孔子もお釈迦さまも、周囲から敬われ慕われる方々は、きっとそれを日々実践されていたのでありましょう。

7月16日~真の自己の姿に目覚める2016年07月16日【265】

7月1日~まだ足りないまだ足りない!

 「今年はよく雨が降りましたね」。これが最近のあいさつ言葉です。

 さて、先日読んだ本の中に餓鬼のことが書いてありました。餓鬼とは仏教で説かれる迷いの世界にいる存在です。

 地獄よりも少し上にあって、生前に貪りの心にとらわれ施すことを知らなかった者が堕ちる世界と言われます。

 この餓鬼には三つのタイプがあるそうです。

 一つ目は「無財餓鬼」といって、字の通りまったく財産を持たない餓鬼です。

 着る服もなく食べ物も持ちません。ひもじくて道に落ちている馬糞まで食べようとするのですが、口に持っていくとたちまち炎となって燃えてしまい食べることができず、飢えの苦しみを負わなくてはなりません。

 二つ目は「少財餓鬼」といって、文字通り少しの財産を持った餓鬼です。とは言っても、糞尿や残飯などしか食べることができません。

 最後は「多財餓鬼」で、これは多くの財産をもった餓鬼で、今風に言えばセレブな餓鬼です。

 豪華な家に住み、別荘まで持って、運転手付きの車で思うがままに送り迎え、ご飯も日本料理、中華、フランス、イタリア、何でもござれです。

 またこの多財餓鬼は、餓鬼の世界だけでなくいろんな世界に行くこともできるそうで、もしかしたら私たちの人間の世界にもいるかもしれません。

 こんなセレブな餓鬼が何の苦しみを負うのかが問題です。それは、足ることを知ることのない苦しみです。

 いくら豪華な生活をしても、どれほどおいしいものを食べてもまだ足りないまだ足りないと満足できず、ついには人の物までも手を出してしまいます。

 自分でもっているもの、与えられたもので満足できないとき、人は餓鬼になってしまうのです。

 先日、退職された東京都のお偉いさんにも聞いていただきたいお話です。いえいえそういう私も聞かせていただきます。

7月1日~まだ足りないまだ足りない!2016年07月02日【264】

6月16日~しなやかな人生のすすめ

 梅雨の最中、素晴らしいニュースが飛び込んできました。

 大リーグに挑戦し十六年、四十二歳になるイチロー選手が、日米通算でピートローズが持つ最多安打を抜く記録、四二五七本を成し遂げたのです。

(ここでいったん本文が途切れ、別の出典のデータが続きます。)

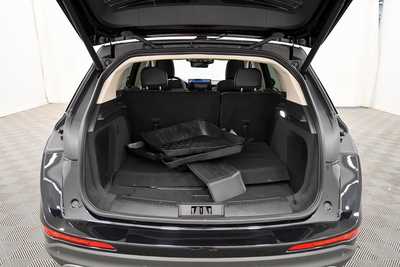 2023 Lincoln Corsair, $36499. Photo 7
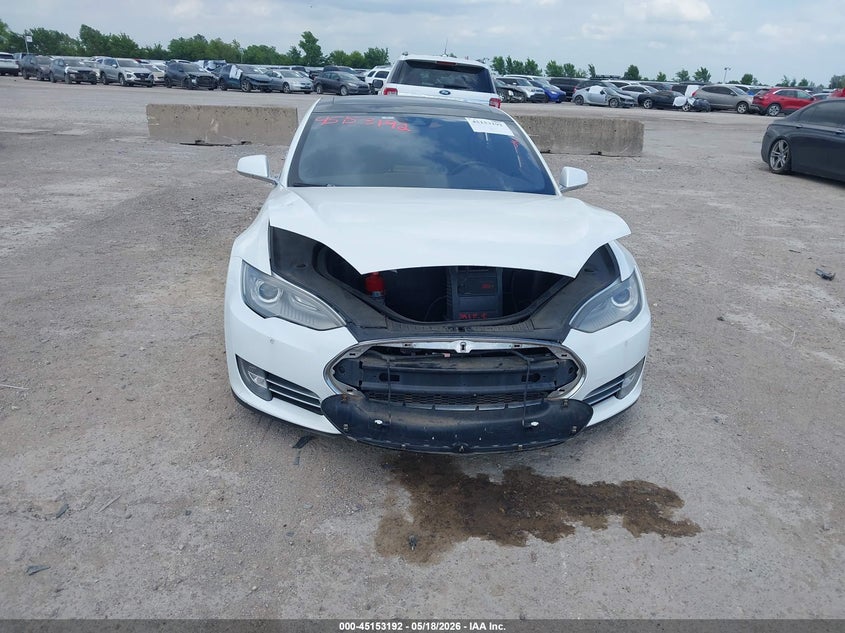 2015 Tesla Model s VIN 5YJSA1E43FF109523 IAAI salvage auction — ELECTRICAL, Clear (Missouri), sold $2,350 on 2026-07-15 (photo 6)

 テレビではイチロー選手のインタビューが放送されていましたが、「ここにゴールを設定したことがないので、実はそんなに大きなことという感じはまったくしない」、「チームメートやファンの祝福がうれしい。それがなかったら何もたいしたことはない」と、この記録を一つの通過点でしかないと述べ、「常に笑われてきた歴史、悔しい歴史が僕の中にある。これからもそれをクリヤしていきたい」と、野球界での多くの金字塔をうち立てた原動力を述べましたが、淡々と、しかし言葉を選びながら真剣に語る姿を見ながら、私はお釈迦様のお言葉を思い出しました。

 「犀の角のようにただ独り歩め」

 この言葉を、仏教学者の中村元先生は、「犀の角が一つしかないように、道を求める者は、他の人々からの毀誉褒貶にわずさわされることなく、ただひとりでも、自分の確信にしたがって暮しなさい」と解説されています。

 「独りで歩め」とは、周囲のことはかまわず一人で脇目もふらずとか、一人ぼっちでとか、自分さえよければいいというような意味ではありません。

 お釈迦様は、慈しみと平静とあわれみと解脱と喜びとを時に応じて修め、世間すべてに背くことなく」と言葉を添えられます。

 周囲に対し慈しみと穏やかさの心を寄せること、そして目的を達成する喜びを時に応じて味わい、世間から様々な声があろうともそれに表だって背くことなく、目標に向かって真っ直ぐ静かに歩みなさいということでありましょう。

 イチロー選手の記録達成の裏には、弛まぬ努力はもとより、心と体のしなやかさがありますが、お釈迦さまの「犀の角のようにただ独り歩め」という言葉にも、仏法によるしなやかな人生の勧めが表されています。